The old smoking railcar was somewhat like a time machine for Sasha, like in those fairy tales her father had told her.

It didn’t just transport her from the
Kolomenskaya
to the
Avtosavodskaya
but transported her from the present into the past. Even though she didn’t know if she could call her life in this prison made of stone, this worm tunnels, the past and where she was now the “present”.

She remembered the whole journey to there: Her father had been bound and was sitting next to her, a sack over his eyes and a gag in his mouth. She had just been a small girl and had cried all the way and one of the soldiers of the execution squad had made animals with his fingers, their shadows had danced over a small yellow stage which was on the ceiling. The shadows had tried to outrun the railcar.

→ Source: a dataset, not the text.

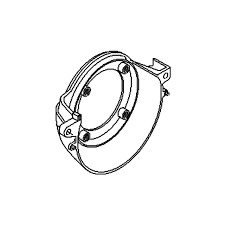 Fan housing 5310086-54 in the group Spare Parts / Spare parts Brushcutters / Spare parts Husqvarna 524R at GPLSHOP (5310086-54)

When they had reached the other side they had told her father his sentence: The tribunal of the revolution had pardoned him. The death sentence had been replaced by lifelong exile. They had pushed them onto the rails, with a knife, an assault rifle with a spare clip and an old gasmask and sat Sasha next to him. The soldier who had shown her the horse and the dog had waved his hand after her. Had he been one of those who Hunter had shot?

When she put on the black gasmask of one of the dead, her feelings became stronger that she was breathing the air of a dead man. Every small part of her journey somebody paid with his life. Probably the bold one would have shot them no matter what but now Sasha thought to be his accomplice by just being there.

That her father didn’t want to return back home wasn’t because he had been tired of fighting. He had once said that
his humiliation and deprivation did no longer weigh on another strangers life, so he had preferred to suffer himself then to cause anybody else harm again. Sasha hadn’t know that the scale of life had been filled heavy on his side, with all those that her father had on his conscience he had tried to bring it back into balance.

The bold one could have acted sooner, could have scared the people on the railcar just by his presence so that they could have laid down their weapons without firing a shot. None of the dead had been an equal enemy.